Comments Guidelines

All comments are pre-moderated. No spam, slurs, personal attacks, or foul language will be allowed.

Friday, May 25, 2012

Romney to Replace Obamacare with...Essentially Nothing

Tommy Christopher (via @rcooley123) at Mediaite has a good catch on Mitt Romney's health care proposals, from an interview Romney gave to Mark Halperin of Time magazine. Asked what would happen to people with pre-existing conditions after he were to repeal Obamacare, Romney said:
If people have been continuously insured, and then they decide to change jobs or change locations, they should not be denied coverage if they go to a new place or have to get a new policy. So people continuously insured should be able to get new insurance.
As Christopher points out, people who have been continuously insured already have this right, and have since 1996, under Title 1 of HIPAA. As he puts it, Romney "is selling you something you already owned." And lest you think maybe Romney just misspoke, you can see the very same words in his platform: "Prevent discrimination against individuals with pre-existing conditions who maintain continuous coverage." So, on the critical question of pre-existing conditions, Romney is offering precisely nothing.

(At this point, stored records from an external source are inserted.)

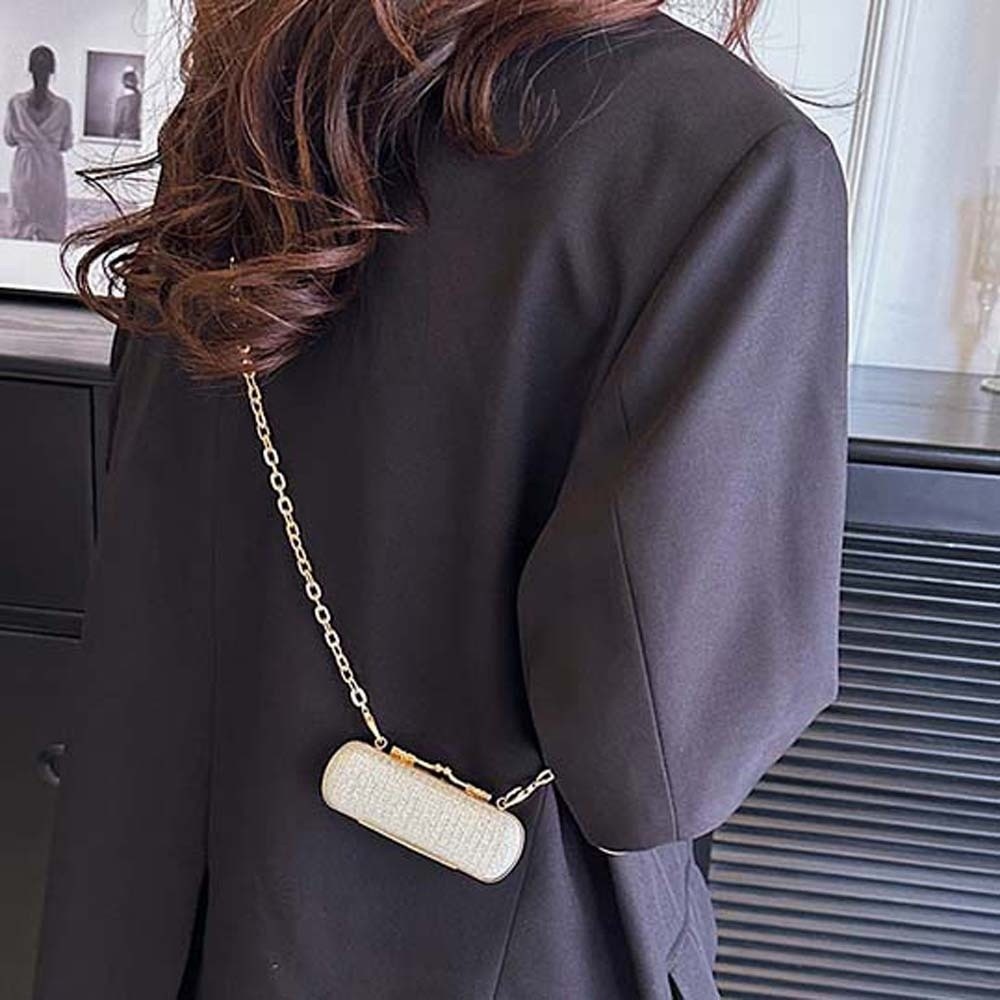 Chain Purse Rhinestone Chain L - огляд і ціна Mini Bag Evening Clutch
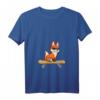 Damen Lustiges Skateboarding Fuchs T-Shirt mit V-Ausschnitt - Perfekt für Skater, Füchse-Liebhaber und als Geschenk für Jungen & Mädchen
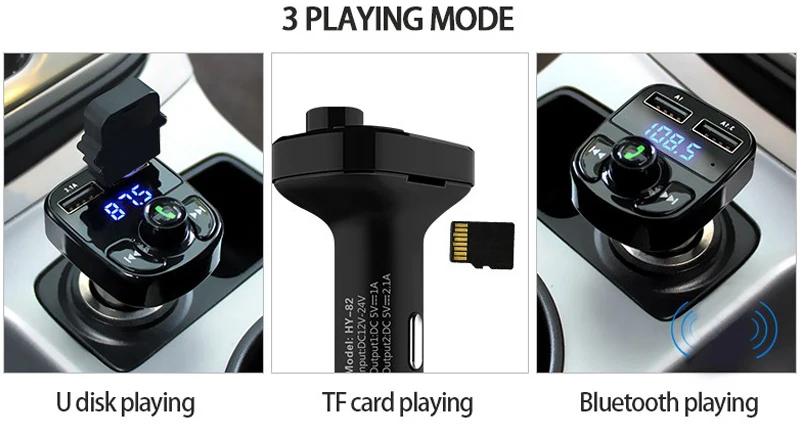 USB зарядное устройство для устройства Handsfree Bluetooth FM передатчик модулятор Автомобильный комплект автомобильный аудио MP3 плеер микро SD TF Музыка FM передатчик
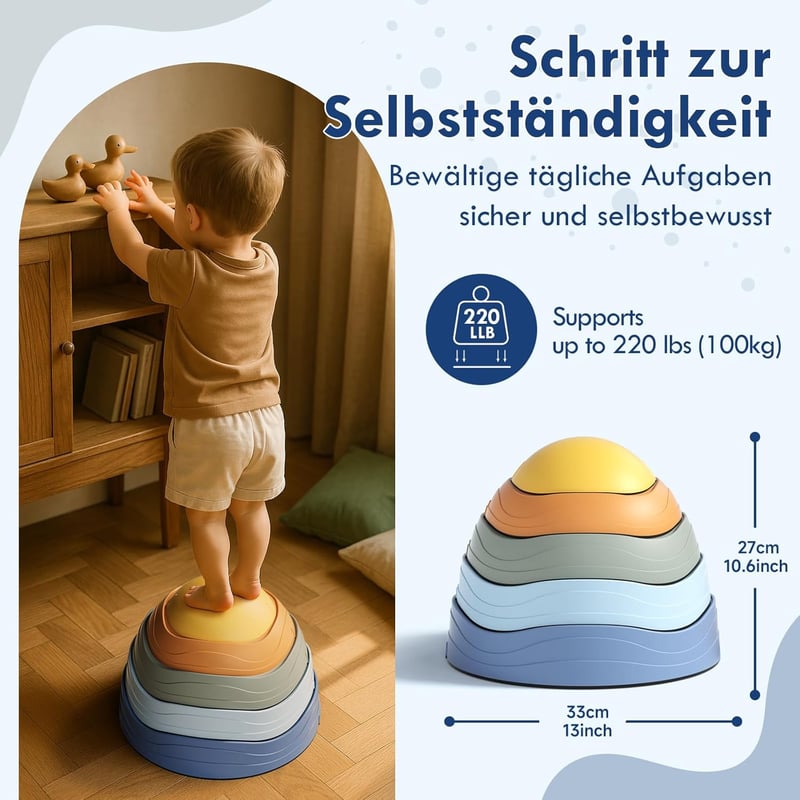 Lehoo Castle Egyensúly Kövek Gyerekeknek, Csúszásmentes Lépőkövek Beltéri Kültéri Játék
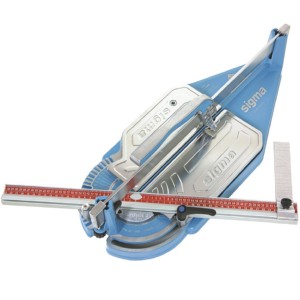 Tagliapiastrelle Sigma blu per tagli precisi.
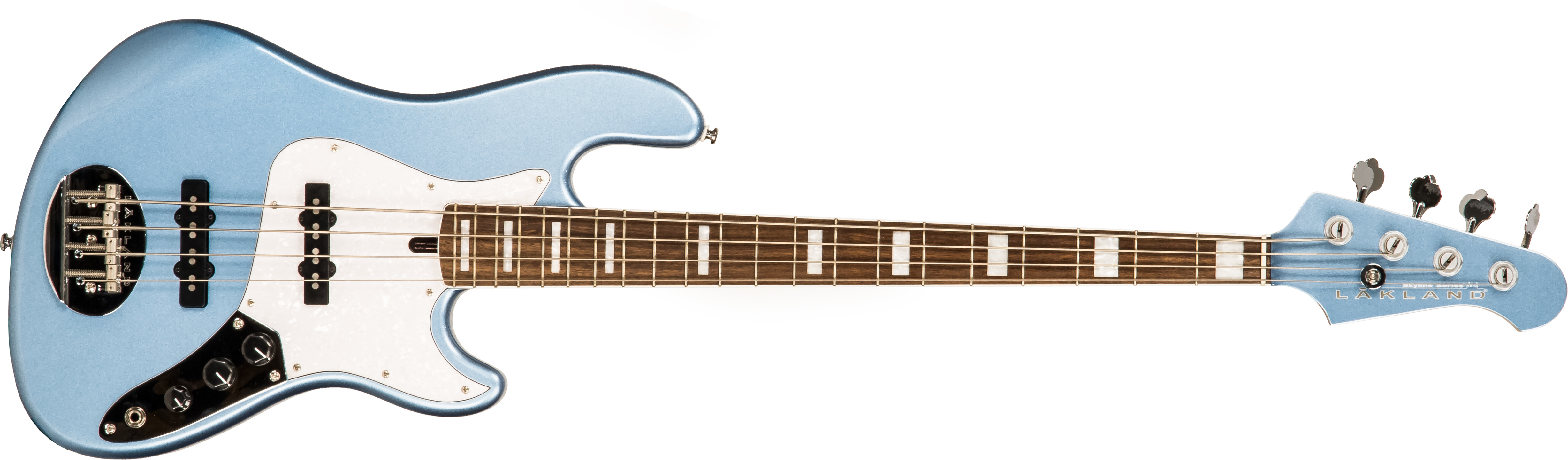 Lakland Darryl Jones Signature Dj4 Skyline Lau - Lake Placid Blue Metallic - Basse Électrique Solid Body - Main picture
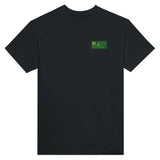 T-shirt drapeau îles cocos broderie coton mélangé doux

That is hardly the end of Romney's useless ideas on health care. His platform says we should return control over health insurance to the states. In principle, this could be workable; after all, in Canada each province has its own health insurance plan. States are big enough entities to do this: if Prince Edward Island can have its own plan, so could Rhode Island. And there is diversity in the provincial plans: Quebec's covers prescription medicine, while Ontario's does not. But this only works because the federal government has strong conditions on what level of coverage the provinces can provide. Romney, on the other hand, says we should "Limit federal standards and requirements on both private insurance and Medicaid coverage." This is a sure recipe for bad health insurance regulation at the state level.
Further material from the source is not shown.